Meta-analyst’s have worked hard to develop tools that can be used to try and understand different forms of publication practices and biases within the scientific literature. Such biases can occur if studies reporting non-significant or opposite results to what is predicted are not found in systematic searches [‘i.e., the ’file-drawer’ problem; Jennions et al. (2013)]. Alternatively, biases could result from selective reporting or ‘p-hacking’.
Visual and quantitative tools have been developed try and identify and ‘correct’ for such biases on meta-analytic results (Jennions et al., 2013; Nakagawa et al., 2022; Rothstein et al., 2005). Having said that, aside from working hard to try and incorporate ‘gray literature’ (unpublished theses, government reports, etc.) and working hard to include work done in non-English speaking languages, there is little one can truly due to counteract publication biases beyond a few simple tools (which all have limitations in themselves). We cannot know for certain what isn’t published in many cases or how a sample of existing work on a topic might be biased. Nonetheless, exploring the possibility of publication bias and its possible effects on conclusions is a core component of meta-analysis (O’Dea et al., 2021).
In this tutorial, we’ll overview some ways we can attempt to understand whether publication bias is present or not using visual tools. In the next tutorial, we will cover some analytical approaches that might be used as a sensitivity analysis to explicitly test whether publication bias is present and attempt to to estimate how this changes the effect size if it didn’t exist. Of course, often we will never know whether such biases exist and high heterogeneity can result in apparent publication bias when non exist. The goal here is to formally play a thought experiment: if publication bias were to exist what form would it be expected to take and how would our conclusions change if we were to have access to all available studies regardless of significance or power?
We’re going to have a look at a meta-analysis by Arnold et al. (2021) that explores the relationship between resting metabolic rate and fitness in animals. Publication bias is slightly subtle in this particular meta-analysis, but it does appear to be present in some form both visually and analytically. We’ll start off this tutorial just visually exploring for evidence of publication bias and dicuss what it might look like and why.
# Packages
pacman::p_load(tidyverse, metafor, orchaRd)

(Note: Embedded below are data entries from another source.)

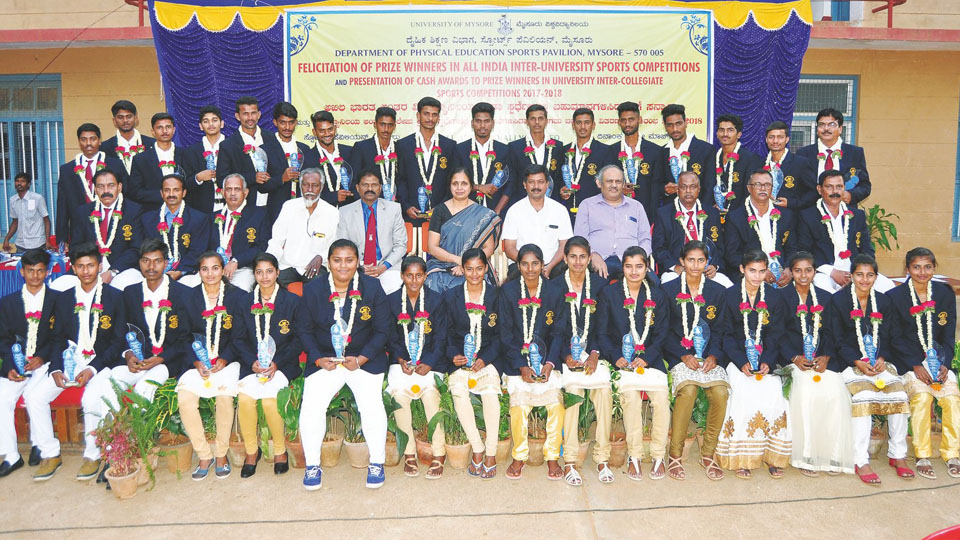 Mysore Varsity fetes sports persons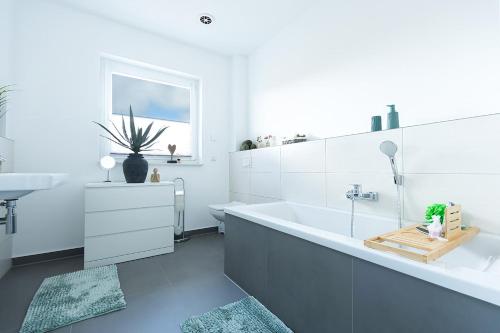 a white bathroom with a tub and a sink at Salz & Seele Das Spa Ferienhaus mit Whirlpool, Sauna & Wallbox in Büsum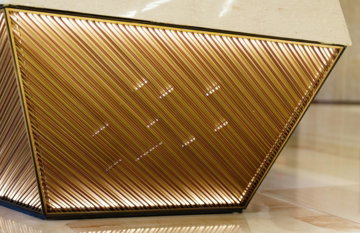Geometric golden panel with internal lighting.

# Download the data. Exclude NA in r and sample size columns
arnold_data <- read.csv("https://raw.githubusercontent.com/pieterarnold/fitness-rmr-meta/main/MR_Fitness_Data_revised.csv")
# Exclude some NA's in sample size and r
arnold_data <- arnold_data[complete.cases(arnold_data$n.rep) & complete.cases(arnold_data$r),
]
# Calculate the effect size, ZCOR
arnold_data <- metafor::escalc(measure = "ZCOR", ri = r, ni = n.rep, data = arnold_data,
var.names = c("Zr", "Zr_v"))
# Lets subset to endotherms for demonstration purposes
arnold_data_endo <- arnold_data %>%
mutate(endos = ifelse(Class %in% c("Mammalia", "Aves"), "endo", "ecto")) %>%
filter(endos == "endo" & Zr <= 3) # Note that one sample that was an extreme outlier was removed in the paper.
# Add in observation-level (residual)
arnold_data_endo$obs <- 1:dim(arnold_data_endo)[1]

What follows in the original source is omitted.